My Hero, you swooped in and rescued the drowning psycho with a smile and pretty words, and like a fool, I believed the repeated insistence that you’d never leave. I wanted to believe in you. I needed to believe in somebody after so many reasons not to but was afraid because I knew deep down one day I’d be alone again after the vanishing act occurred. It was inevitable I suppose, just like every other person in my life who has made the same promises. Lo, behold, my fear proven correct. Again.
The phial is empty, as am I. My heart pounds a noiseless earthquake in my ears like a drumbeat. A bullet would be quicker but the exhilaration of knowledge that I am about to be free from my mortal bonds is a relief and nothing else matters except for the hunger that ravages my veins and makes my nose burn. The one thing that I have never been able to resist was the Siren call of the White. My chest hurts so badly that I’m panting. I’d forgotten that; it feels like life, and smells like Reaper. Soon she will be here, I hope. I’m afraid again. What if there is noth-
Truly, I wasn’t sure he was real at first. Those wide guileless eyes, so full of truth; oozing sweetness and youthful innocence. Full to the brim with unfulfilled potential that it makes me ill. That alone is suspect. The confused cocked head, much like a disoriented puppy married with a glazed gaze that is meant to convey stupidity does the exact opposite. No one is really that naive, not in this century anyway. How could one remain so when a world of debauchery and horrors can be found at the simple click of a mouse?

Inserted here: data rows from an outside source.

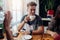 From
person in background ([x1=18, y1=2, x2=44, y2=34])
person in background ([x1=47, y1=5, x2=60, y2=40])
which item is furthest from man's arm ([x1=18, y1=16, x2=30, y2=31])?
person in background ([x1=47, y1=5, x2=60, y2=40])

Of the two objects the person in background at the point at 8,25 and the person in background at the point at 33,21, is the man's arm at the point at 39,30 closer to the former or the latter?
the person in background at the point at 33,21

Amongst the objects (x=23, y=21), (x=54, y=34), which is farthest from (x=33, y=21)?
(x=54, y=34)

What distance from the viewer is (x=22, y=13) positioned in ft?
3.90

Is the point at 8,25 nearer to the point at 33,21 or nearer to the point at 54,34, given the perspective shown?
the point at 33,21

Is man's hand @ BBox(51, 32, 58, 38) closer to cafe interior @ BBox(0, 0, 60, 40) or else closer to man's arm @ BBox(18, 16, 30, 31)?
cafe interior @ BBox(0, 0, 60, 40)

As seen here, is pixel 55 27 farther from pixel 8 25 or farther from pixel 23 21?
pixel 8 25

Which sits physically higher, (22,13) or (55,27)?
(22,13)

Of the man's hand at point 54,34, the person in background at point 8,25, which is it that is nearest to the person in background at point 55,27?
the man's hand at point 54,34

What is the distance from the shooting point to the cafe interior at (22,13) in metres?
1.18

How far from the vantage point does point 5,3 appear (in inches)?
46.3

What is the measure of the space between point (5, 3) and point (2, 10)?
0.19 feet

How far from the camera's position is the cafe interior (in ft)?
3.88

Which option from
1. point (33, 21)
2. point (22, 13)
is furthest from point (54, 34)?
point (22, 13)

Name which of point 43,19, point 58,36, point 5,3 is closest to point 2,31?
point 5,3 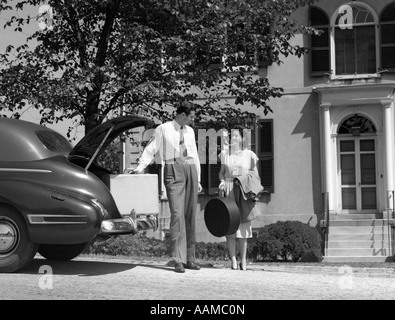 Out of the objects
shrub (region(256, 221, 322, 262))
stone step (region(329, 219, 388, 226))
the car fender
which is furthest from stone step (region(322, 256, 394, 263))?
the car fender

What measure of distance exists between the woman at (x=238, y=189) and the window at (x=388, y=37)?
12.2 metres

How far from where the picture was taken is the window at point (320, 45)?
2191 centimetres

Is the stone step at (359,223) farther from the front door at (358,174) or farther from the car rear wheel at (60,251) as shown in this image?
the car rear wheel at (60,251)

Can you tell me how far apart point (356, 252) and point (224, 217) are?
10.9 meters

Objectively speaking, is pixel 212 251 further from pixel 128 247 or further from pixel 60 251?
pixel 60 251

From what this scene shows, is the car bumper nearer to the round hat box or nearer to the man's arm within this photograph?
A: the man's arm

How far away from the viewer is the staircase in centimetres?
1952

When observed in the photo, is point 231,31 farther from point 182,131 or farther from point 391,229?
point 391,229

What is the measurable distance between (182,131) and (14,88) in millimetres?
6710

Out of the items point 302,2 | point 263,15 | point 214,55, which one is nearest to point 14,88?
point 214,55

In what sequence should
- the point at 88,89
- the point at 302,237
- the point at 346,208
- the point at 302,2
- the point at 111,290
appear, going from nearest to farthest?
the point at 111,290 → the point at 88,89 → the point at 302,2 → the point at 302,237 → the point at 346,208

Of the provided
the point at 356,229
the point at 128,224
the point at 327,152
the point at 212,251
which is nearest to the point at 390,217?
the point at 356,229

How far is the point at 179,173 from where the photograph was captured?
905 centimetres

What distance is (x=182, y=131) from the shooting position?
9.16 meters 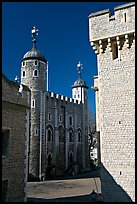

I think he is so much prettier than she was and that annoys me for some reason. Why that is I’m not sure, nor do I care. Maybe I care a little. It’s that stuffed toy expression, or the fantastic lack of personally that somehow fits perfectly with the former; I could rattle his chains some, enough to cause him to drop the act. Perhaps it’s all just one of those things not meant to be explored. Jesus, that blinking blankness is unnerving me and he knows it. Calculating bastard; you can almost see the wheels turning behind those false front soul windows of his.
He’s obviously intelligent; that, paired with the devastatingly handsome features is a heady mix and a dangerous one too. Lucky bastard. I’d be jealous, if it weren’t expected effort that I can ill afford to expend.
Such a high maintenance exposure as well and for what? To put myself in the forward momentum of a killer, whose cradle of purpose is solely to separate Spirit from Soma. I wonder if Siobhan Clanger had had any idea about the monster that she gave herself to. I wonder if it was a wiling sacrifice.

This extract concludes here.